Let's hook the start and endpoints of the readline function in bash.
┌─[root@darkmatter]─[~]
└──╼ #bpftrace -e 'uprobe:/bin/bash:readline { printf("arg0: %s\n", str(arg0)); }'
Attaching 1 probe...
arg0: ┌─[apocalypse0@darkma
arg0: ┌─[apocalypse0@darkma
arg0: ┌─[apocalypse0@darkma
arg0: ┌─[apocalypse0@darkma
If you run the above command, open another terminal window and type some commands you'll keep seeing your prompt. The above output leads us to believe that the arg0 of the readline() function, when called from bash, is indeed my prompt. Let's confirm it by running man 3 readline
So readline will take in 1 argument - that is the prompt, and that is indeed what it's returning. I have no idea why it's truncated, and I will not be pursuing that. On some of my systems it is truncated, on others it is not.

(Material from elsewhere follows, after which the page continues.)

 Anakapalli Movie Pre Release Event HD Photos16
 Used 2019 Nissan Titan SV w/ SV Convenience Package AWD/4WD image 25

Now to get the return value. The same man page, further down states
"RETURN VALUE readline returns the text of the line read. A blank line returns the empty string. If EOF is encountered while reading a line, and the line is empty, NULL is returned. If an EOF is read with a non-empty line, it is treated as a newline."
Let's try and get that
┌─[✗]─[root@darkmatter]─[~]
└──╼ #bpftrace -e 'uretprobe:/bin/bash:readline { printf("readline: \"%s\"\n", str(retval)); }'
Attaching 1 probe...
readline: "clear"
readline: "ls"
readline: "top"
readline: "id"
readline: "whoami"
readline: "who"
readline: "last"
According to the docs at https://github.com/iovisor/bpftrace/blob/master/docs/reference_guide.md#3-uprobeuretprobe-dynamic-tracing-user-level, the arguments can be accessed as follows
uprobe: arg0, arg1, ..., argN
uretprobe: retval
We can get the prompt and the command as follows
┌─[root@parrot]─[/home/apocalypse0/Documents/BPF]
└──_ #cat bpftrace_bash.bt
uprobe:/bin/bash:readline { printf("%s: ", str(arg0)); }
uretprobe:/bin/bash:readline { printf("%s\n ", str(retval)); }
┌─[root@parrot]─[/home/apocalypse0/Documents/BPF]
└──_ #bpftrace bpftrace_bash.bt
Attaching 2 probes...
┌─[apocalypse0@parrot: id
┌─[apocalypse0@parrot: whoami
Filters
Now let's write our first filter. Since we are now looking at bash, and instrumenting the readline to get the prompt, as well as the command entered, how about we attempt to get the stdout?
One way to do this is to trace the write() syscall. We know that stdout is represented by the file descriptor. Let's take a look at a couple of things. The first is the man 2 write
page.
The second thing we can look at is the kernel tracing format file for the entry of the write() syscall. By now you should be familiar with all of this so I will not be explaining things in too much detail, and the screenshots alone should suffice.
Let us attempt to write our first filter:
Syntax: /filter/
Filters (also known as predicates) can be added after probe names. The probe still fires, but it will skip the action unless the filter is true.
┌─[root@parrot]─[/sys/kernel/tracing/events/syscalls/sys_enter_write]
└──╼ #bpftrace -e 't:syscalls:sys_enter_write /args->fd == 1/ { printf("%s\n", str(args->buf)); }'
In the above example, we are attaching a tracepoint at the entry of the write() syscall. As indicated in the screenshot above, the format of this includes some of the variables available to us - which are:
fd : File descriptor
buf : What is being written
Since these are pointers, we need to dereference them before we print them. In the filter section, we specify that only if the file descriptor is equal to 1, the action should be performed. That is, we only want to print the stdout. Beware : depending on what your system is doing, this output could be incredibly noisy. It's an interesting way to take a sneak peek under the hood and see what's happening inside the system - it's like spying on all the programs in your computer! If your system is doing pretty much nothing, fire up another terminal window and run a few commands - you should see the output of those commands.
Try out different combinations of this - try and combine knowledge from the previous lessons with this to write some programs, play about, break things, instrument things - and grow your understanding.
Conclusion
We learned about userspace instrumentation in this blog. It is a powerful feature. You could instrument routines in libc and intercept pretty much anything that you'd like - if you know what you want to look for.